**Task details:** Your answer should be the lines below from the one holding "23 W Pike St, Houston, PA" through the one holding "should-i-start-in-hanoi-or-saigon-5", copied exactly and with nothing else.

**Supplied records:**
*** Begin section ***
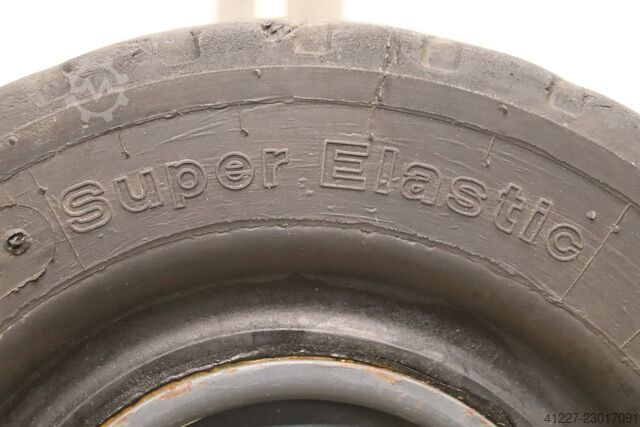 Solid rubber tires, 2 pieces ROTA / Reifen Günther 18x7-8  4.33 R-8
*** End section ***
*** Begin section ***
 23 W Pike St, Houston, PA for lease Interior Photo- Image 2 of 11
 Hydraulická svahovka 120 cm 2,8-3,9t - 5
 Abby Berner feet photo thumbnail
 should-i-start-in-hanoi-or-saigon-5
*** End section ***
*** Begin section ***
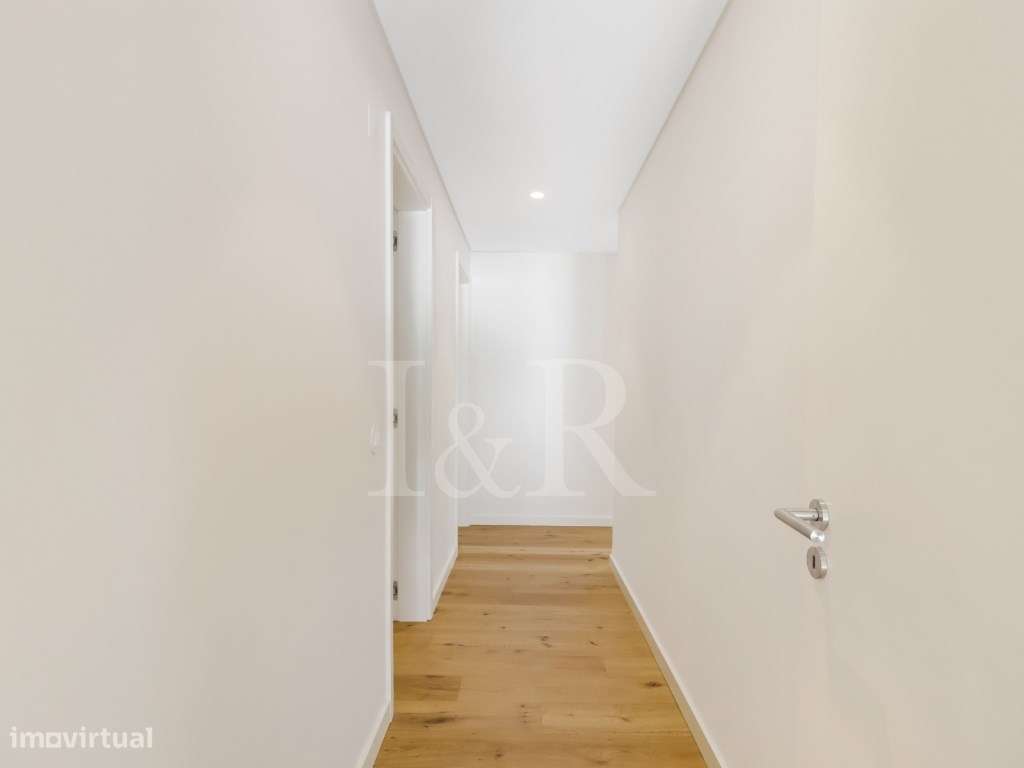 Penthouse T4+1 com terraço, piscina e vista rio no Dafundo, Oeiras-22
*** End section ***
**Exercise answer:**
 23 W Pike St, Houston, PA for lease Interior Photo- Image 2 of 11
 Hydraulická svahovka 120 cm 2,8-3,9t - 5
 Abby Berner feet photo thumbnail
 should-i-start-in-hanoi-or-saigon-5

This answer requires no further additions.